The car bomb was never reported and Sessions’ memo remained in his Turner File, never to see the light of day –until now.
At his trial, Albert Turner declared, “This whole FBI investigation of absentee voting and the scheduled trials were set up to stop the political progress of black people in the Alabama Black Belt. The power structure wants to turn back the hands of time in Perry County and throughout west Alabama. I would encourage black people not to let my indictment stop them or discourage them. We need to vote in even larger numbers because they are trying to take our right to vote away again.”
Though Sessions’ racist investigations and prosecutions of voting rights activists in the 1980s were enough to sink his nomination for a federal judgeship in 1986, it failed to halt his appointment as Attorney General under President Trump. Now, as Trump, Sessions, and the broader administration employ yet another imaginary voter fraud crisis to disenfranchise people of color, the history of Sessions’ earlier crusades against voting rights becomes ever more critical.

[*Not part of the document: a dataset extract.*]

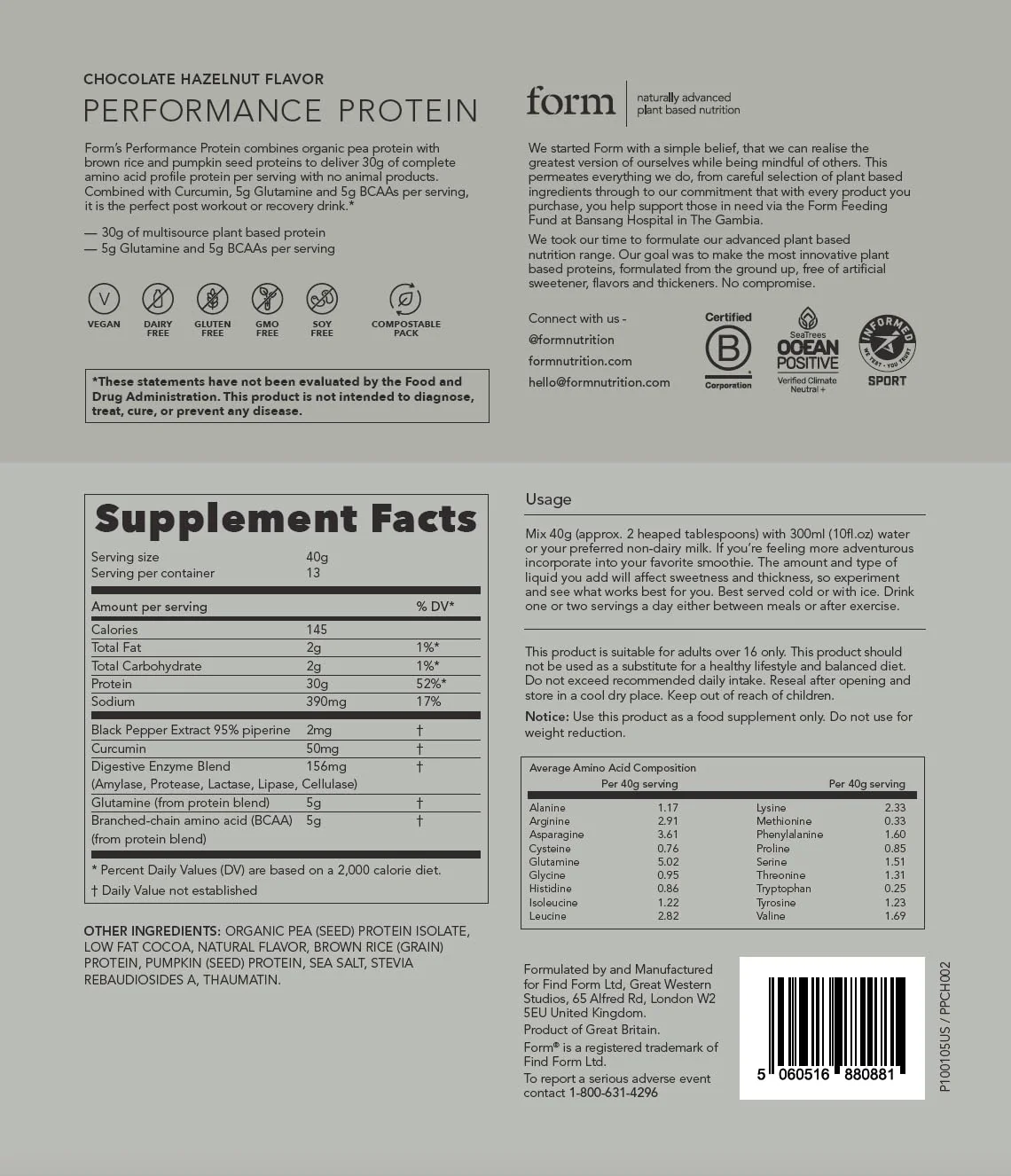Form Performance Protein - Vegan Protein Powder - 30g of Plant Based Protein per Serving, with BCAAs and Digestive Enzymes. Perfect Post Workout. Tastes Great with Just Water! (Chocolate Hazelnut) - Image 2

The full story must be told.
[1]See e.g., Nomination of Jefferson B. Sessions III, to be U.S. District Judge for the Southern District of Alabama, Hearings Before the Committee on the Judiciary, 99th Congress, March 13, 19, 20, and May 6, 1986, page 278, wherein Senator Denton recounts Albert Turner’s former testimony, stating that 10-15 FBI agents worked for six months on the investigation.
[2]Id., page 205, wherein James Liebman’s testimony describes FBI agents saying to one voter, inside her own home, “Ms. Green, your ballot has been tampered with,” leading a “scared witness to give cautious statements to the FBI.”
[3]United States v. Turner, Hogue, & Turner, Cr. No. 85-00014 (SD Ala. 4 July 1985).